MVCC Implementation: Timestamps and Version Chains

Multi-Version Concurrency Control (MVCC) is the dominant concurrency control mechanism in modern database systems.
Rather than blocking readers while writers hold locks, MVCC maintains multiple physical versions of each data item, allowing transactions to read a consistent snapshot without acquiring read locks.
The core implementation challenge lies in how systems assign timestamps, organize version chains, and determine which version is visible to a given transaction.
This article examines these mechanisms in detail.

Why MVCC Exists

Traditional two-phase locking (2PL) enforces serializability by making readers and writers block each other.
This creates contention under read-heavy workloads, which dominate most OLTP systems.
MVCC breaks this dependency: writers create new versions instead of modifying data in place, and readers access the version that was current at their snapshot time.
The result is that reads never block writes, and writes never block reads.

This benefit comes at a cost.
The system must maintain version metadata, garbage-collect obsolete versions, and resolve which version each transaction should see.
These problems are solved through timestamp assignment and version chain management.

Timestamp Assignment

Every MVCC implementation must assign some form of ordering identifier to transactions.
This identifier determines the logical point in time at which a transaction "sees" the database.
There are several approaches.

Monotonic Counter

The simplest scheme uses a globally incrementing counter.
Each transaction receives a unique identifier at begin time (for snapshot isolation) or at commit time (for serializable snapshot isolation).
PostgreSQL uses a 32-bit transaction ID (XID) drawn from a global counter with special wraparound logic.
Visibility is determined not by comparing wall-clock timestamps but by comparing XIDs: a tuple version is visible to a transaction if its creating XID committed before the reader's snapshot, and its deleting XID (if any) had not yet committed.
This XID-based snapshot mechanism differs from wall-clock or HLC timestamp schemes but serves the same logical purpose.

The advantage of monotonic counters is simplicity.
The disadvantage is that a global counter becomes a contention point under high concurrency — every transaction start or commit requires an atomic fetch-and-increment on a shared cache line.

Hybrid Logical Clocks (HLC)

Distributed systems cannot rely on a single global counter.
HLCs combine a physical clock component with a logical counter, producing timestamps that respect causality while staying close to wall-clock time.
CockroachDB uses HLCs to assign MVCC timestamps across nodes without centralized coordination.

Commit Timestamps vs.

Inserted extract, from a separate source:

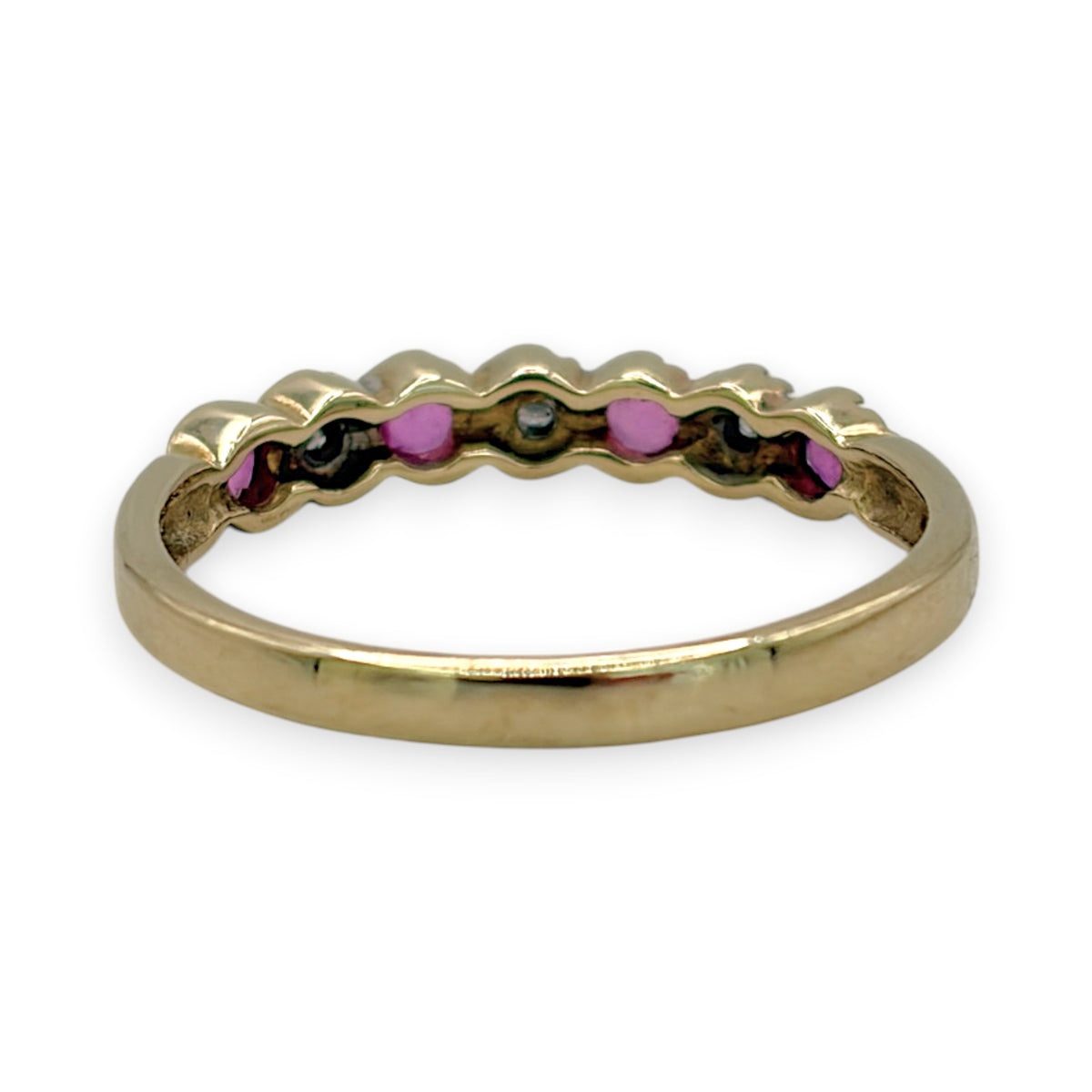 NZGD | 9ct Gold Pink Cluster Curve Ring Size N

Begin Timestamps

diagram-1 — Begin- vs commit-timestamp transactions: snapshot read vs validated commit

A critical design choice is when the snapshot identifier is assigned.
Under begin-timestamp schemes (used by PostgreSQL, where the snapshot is fixed at transaction start via the XID), the transaction reads data as of the moment it began.
Under commit-timestamp schemes (used by Hekaton, SQL Server's in-memory engine), the transaction receives its final ordering position at commit time.
Commit-timestamp ordering simplifies serializability validation but requires the system to defer visibility decisions until after commit.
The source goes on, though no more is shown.